Figure 1. Differentiation of hiPSCs derived from diabetic patients into various cell types for in vitro disease modelling of diabetes and its complications. (Teo et al., Cell Metab, 2013)

Research Interests

Adrian Teo Laboratory

Stem Cells and Diabetes 

​Diabetes is a debilitating chronic disease spiralling out of control, affecting more than 380 million people in the world. People with diabetes commonly develop severe complications such as blindness, cardiovascular diseases, kidney failures and lower limb amputations, leading to an astronomical healthcare burden. Despite intensive research, early mechanisms underlying human pancreatic β cell failure during the development of diabetes remain unclear. Species-specific differences in pancreas development, islet architecture and distribution pattern of islet cells necessitate a human model for diabetes research. 

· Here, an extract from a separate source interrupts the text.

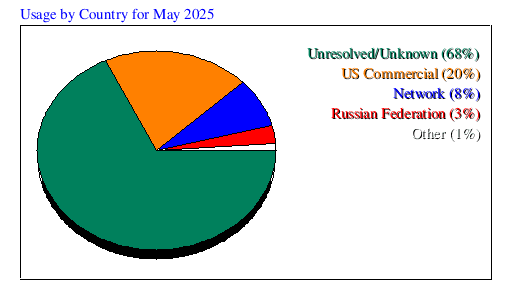 Usage by Country for May 2025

The Stem Cell and Diabetes Laboratory seeks to leverage on human pluripotent stem cells (hPSCs) and their directed differentiation into pancreatic cells and cell types affected in diabetic complications to dissect the pathology of diabetes and its complications (Figure 1). The three main thrusts of the lab are: 

1)     Modelling and studying human pancreas development in vitro

​hPSCs will be differentiated into human pancreatic cells to study the development and formation of functionally mature β cells. This is aimed at identifying critical steps, key pathways and mechanisms which guide human β cell development and maturation. It is hoped that one would be able to produce sufficient mature functional human β cells for cell replacement therapy to achieve physiological control of blood glucose levels. 

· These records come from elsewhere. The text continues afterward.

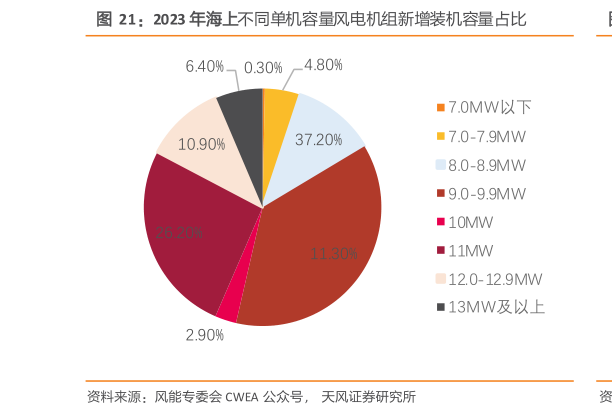 谁能回答2023 年海上不同单机容量风电机组新增装机容量占比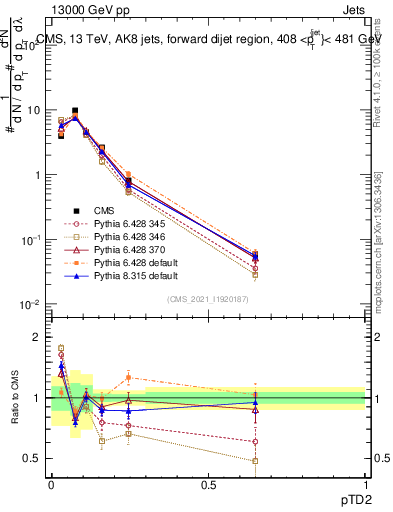Plot of j.ptd2 in 13000 GeV pp collisions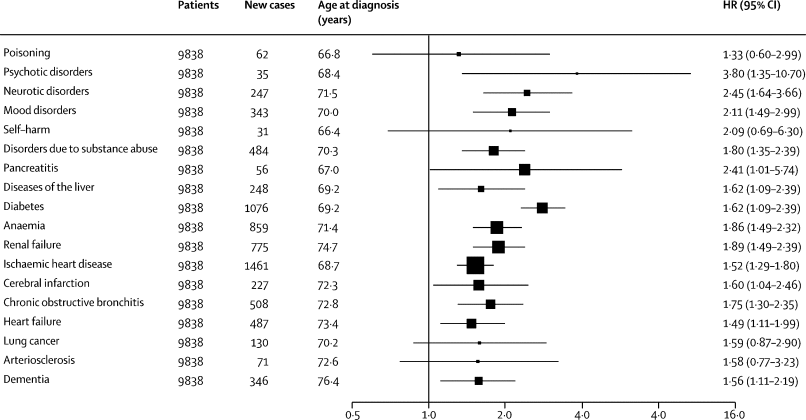 Associations between low versus high socioeconomic status (based on occupational position) with subsequent new-onset diseases and health conditions in Whitehall II replication cohort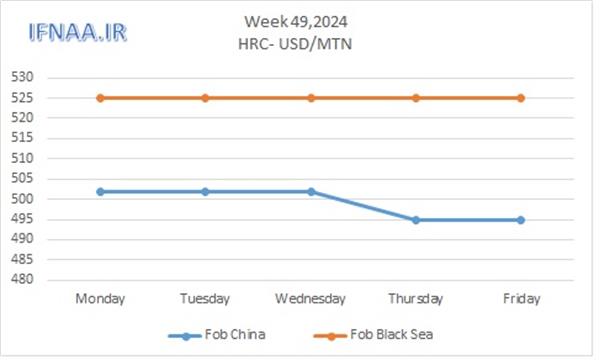 Week 49, 2024 in world market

​2)     Studying mechanisms by which genes and gene variants cause diabetes ​

hiPSCs derived from patients with maturity onset diabetes of the young (MODY), a monogenic form of diabetes, will be used to study human β cell development, maturation and function. hiPSCs derived from diabetic patients with a risk allele that could potentially confer diabetes susceptibility will be differentiated into pancreatic cells to functionalise gene variants associated with diabetes. The tracking of early diabetes progression in vitro seeks to pinpoint mechanisms of β cell demise at the earliest stage(s). This is otherwise not possible given that clinical manifestation of overt diabetes in humans takes decades to occur and patient material is inaccessible.  ​

3)     Studying mechanisms underlying diabetic complications  ​

hiPSCs derived from diabetic patients with and without complications, such as diabetic nephropathy, will be differentiated into kidney cells to elucidate genetic and epigenetic perturbations which occur in cells/tissues/organs constantly exposed to hyperglycemia.